Recettes de mère Nature
- Entrée : Le potage de gaudes salé ou sucré du Moulin Taron
Délayer au fouet 60 cl d’eau chaude avec 80 g de farine de gaudes et 2 pincées de sel, jusqu’à homogénéisation du mélange. Mettre sur le feu et remuer de temps à autre pendant 2 heures (plus on cuit, plus la soupe épaissit !). En fin de cuisson, ajouter 10 cl de lait entier et 2 cl de crème entière. Saler ou sucrer selon les goûts et servir tiède.
- Plat : La panure à la farine de gaudes du Moulin Taron
Pour une panure très croustillante au fumet inégalé, remplacer la chapelure ou la farine de blé par de la farine de gaudes. Déposer les filets (poisson ou poulet) dans cette farine, puis dans un œuf battu et à nouveau dans la farine de gaudes (facultatif). Faire cuire dans une poêle bien chaude et huilée. En Bourgogne-Franche-Comté, ce sont les cuisses de grenouilles que l’on prépare ainsi.

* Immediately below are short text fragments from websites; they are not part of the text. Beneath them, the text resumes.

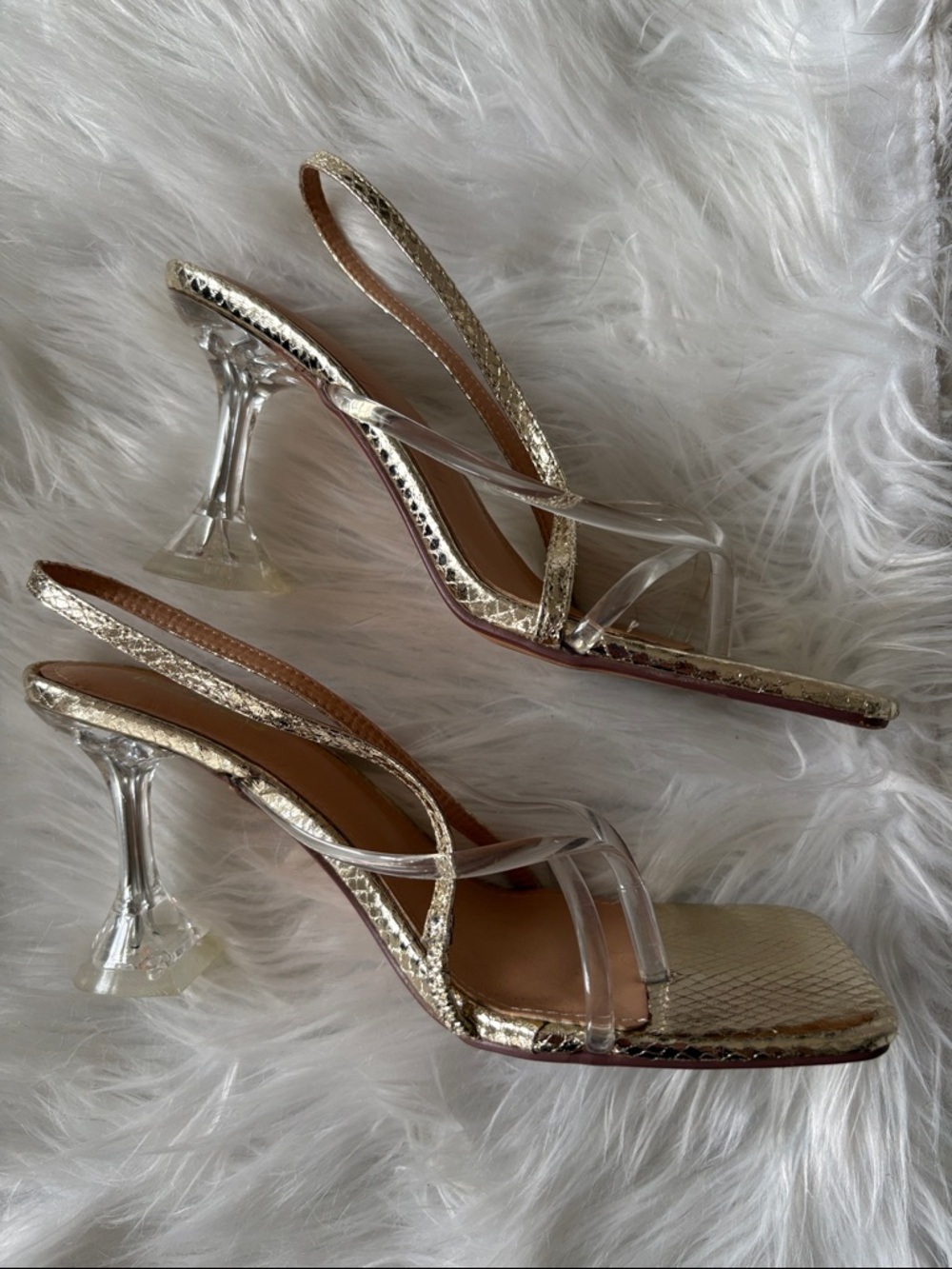Golden Clear Strap Mid-Heel Sandals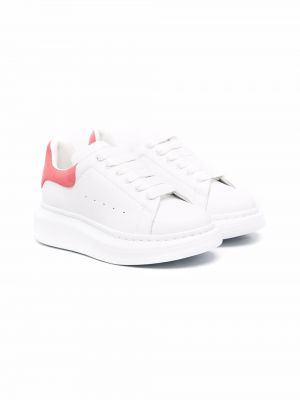 Tykk blonder snøring sneakers for jenter Alexander Mcqueen Kids hvit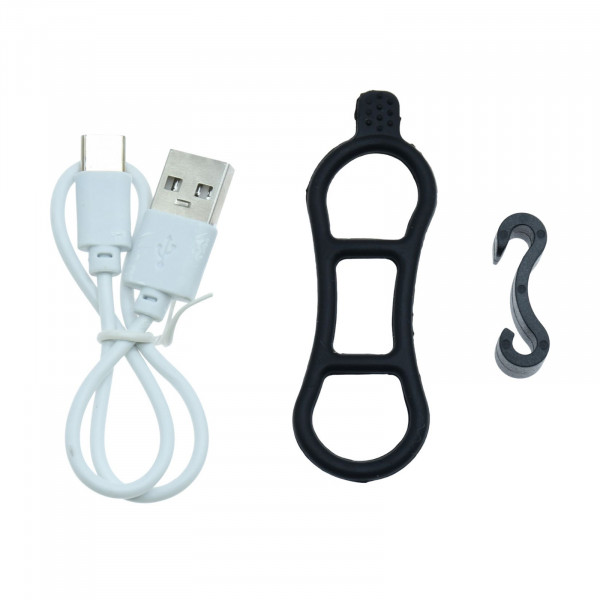 Accessories included with the Six Peaks LED Clip-On Lights in black colour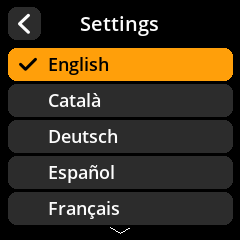 Specific Language selection menu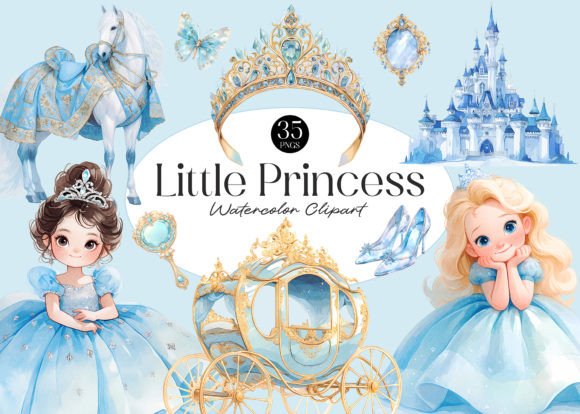 Blue Little Princess Watercolor Clipart
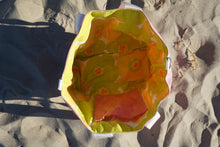 Load image into Gallery viewer, Yellow &amp; Pink Flower Power Waxed Canvas Tote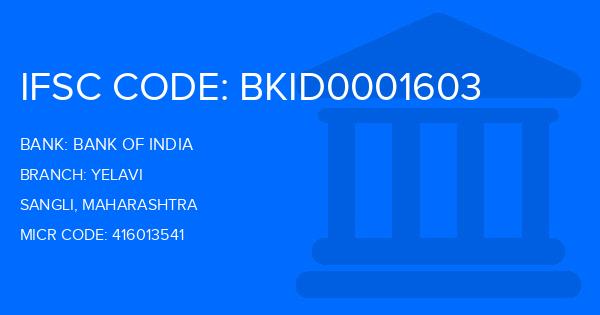 Bank Of India (BOI) Yelavi Branch IFSC Code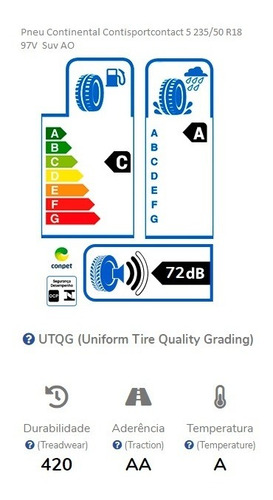 Imagem 3 de 4 de Pneu Continental Contisportcontact 5 235/50 R18 97v Suv Ao
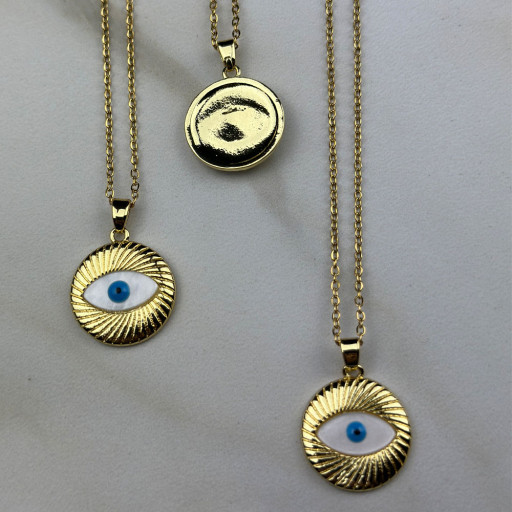 Χρυσό Κολιέ Blue Eye (2)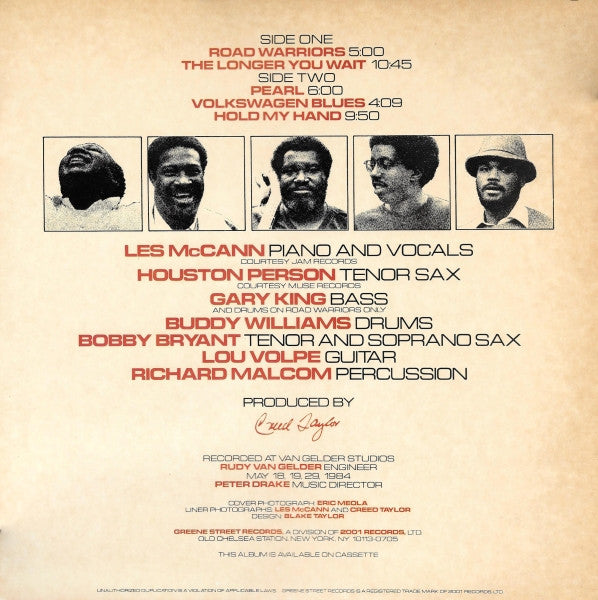 Les McCann / Houston Person : Road Warriors (LP, Album)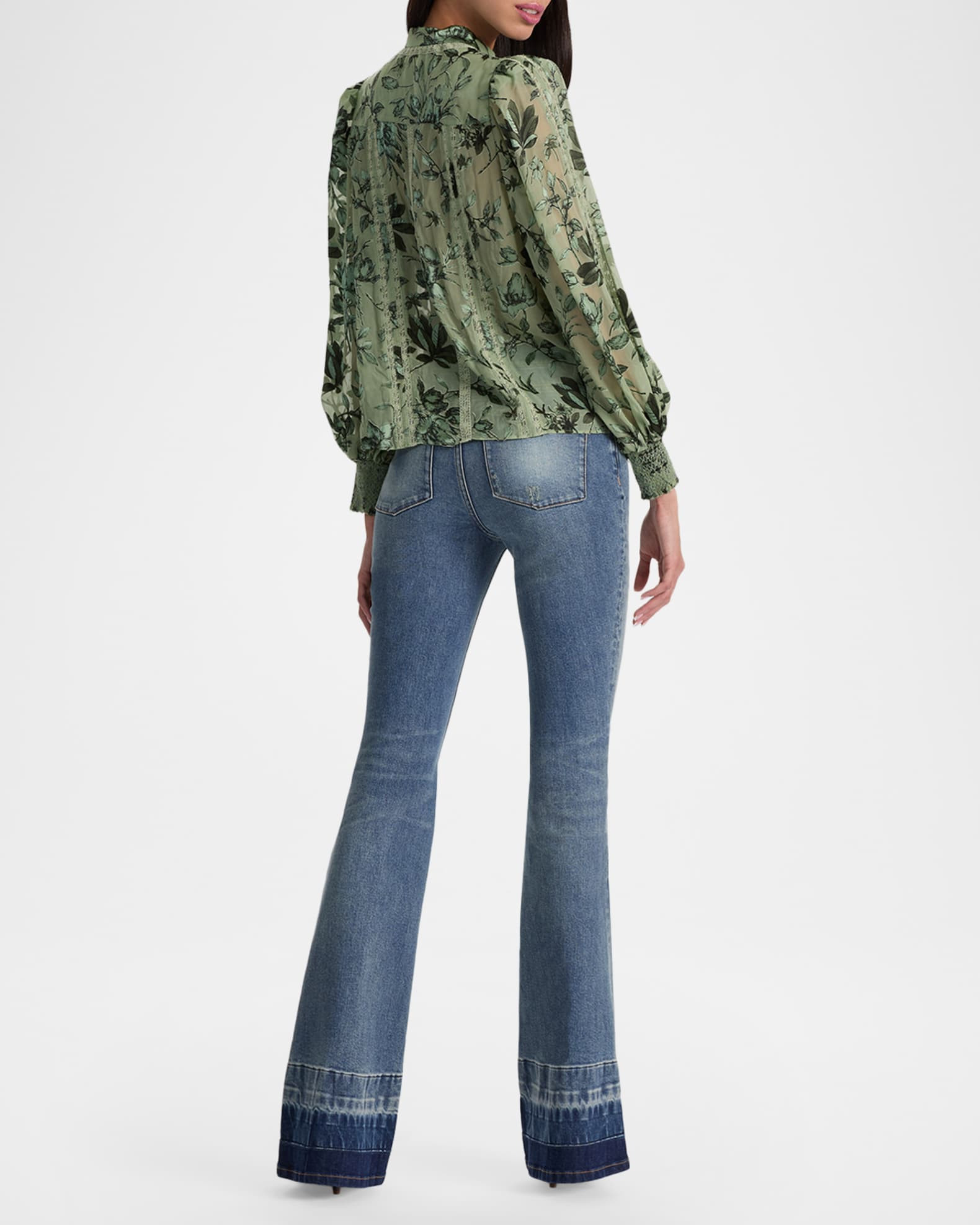 Arlette Floral Silk-Blend Burnout Blouse | Neiman Marcus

- Dessert : Le moelleux ultra-simple de Johanna
Mélanger énergiquement 180 g de beurre avec 130 g de sucre blanc ou brun semi-complet. Incorporer 3 œufs en mélangeant bien après l’ajout de chaque œuf de manière à homogénéiser la pâte. Ajouter 100 g de farine T65 et la même quantité de farine de gaudes, puis 1 cuillerée à soupe de levure chimique, 2 pincées de sel et 60 g de lait d’amande (ou de vache). Mélanger à nouveau afin d’obtenir une texture lisse. Verser dans un moule beurré et fariné et enfourner à 160 °C. 45 minutes plus tard, c’est prêt !
- Goûter : Les crêpes à la mode bressane de Patrick Bourgeois
Ajouter 25 g de farine de gaudes à 325 g de farine de blé classique puis battre avec 10 œufs frais. Une fois la pâte bien lisse, incorporer 1,25 litre de lait au choix. Allonger avec un peu d’huile végétale et une pointe de sel. La pâte est prête ! Laisser reposer un minimum de 30 minutes avant de faire cuire vos crêpes dans une poêle bien chaude et graissée.
En règle générale
Quelle que soit votre préparation culinaire, remplacer 3 à 10 % de votre farine de blé classique par de la farine de gaudes.
Conservation
En période chaude (d’avril à septembre), elle se conserve au frais (frigo ou cave). Au-delà de 12 mois, elle perd de son goût.